Todos los alimentos estaban demasiado cocinados y sabían a quemado. Teníamos que separarlos para tratar de sacar algo que fuera comestible. Al menos en el módulo de los asimilados, evitábamos consumir las raciones de la prisión. Sin embargo, las guardábamos para los “asistentes”, que son reclusos de otros módulos, que se encargan del mantenimiento de las instalaciones, la limpieza, la cocina y el lavado de ropa.

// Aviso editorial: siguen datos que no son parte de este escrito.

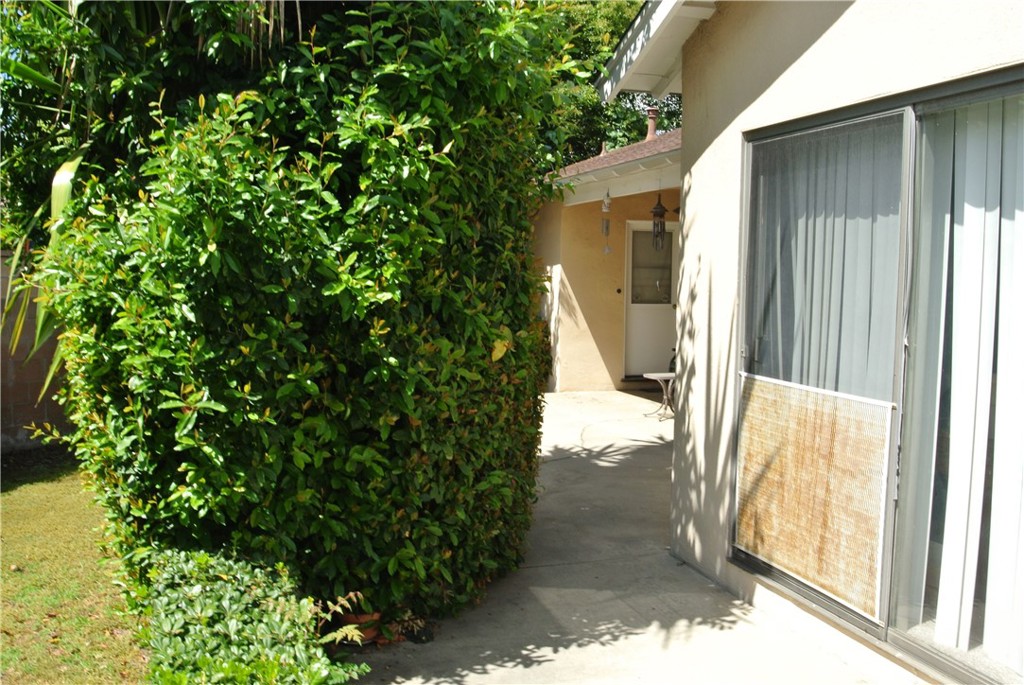 6460 Dos Rios Road Downey, CA 90240 - Photo 24 of 34 a view of a house with a backyard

Durante el día no teníamos mucho qué hacer. Había una pequeña cancha en la que se podía jugar al fútbol ─cinco contra cinco─ cuando los reclusos de los otros módulos regresaban a sus celdas. Por lo general, los asimilados pueden pasar un poco más de tiempo fuera y hacer ejercicio o caminar por el patio. Fue allí donde escuché varias historias sobre la MACA, el país y otras cosas; eso me ayudaba a pasar el tiempo. En el módulo de los asimilados, las celdas permanecen abiertas durante el día, por lo que podíamos salir y hablar entre nosotros. Sin hacer mucho ruido, porque ese también es un derecho por el que se debe pagar a los guardias.
Nos sentábamos, hablábamos de nosotros, de nuestras profesiones. Allí conocí a un ingeniero civil, un ingeniero naval y un hombre de negocios canadiense. Hablamos de trabajo, de viajes, cultura o hasta de comida; cualquier cosa que me permitiera evadir la realidad. Sabíamos que la justicia no existe y que bastaba con pagar a los jueces para salir y terminar con esa pesadilla, así que hablar de justicia no valía la pena. Tenía claro que era inútil pelear por el fondo del caso, pero sabía que podía hacer algo por la forma. Por eso, trataba de que los guardias y a los jueces cometieran errores de procedimiento. A veces, algunos reclusos pagan, pero no salen.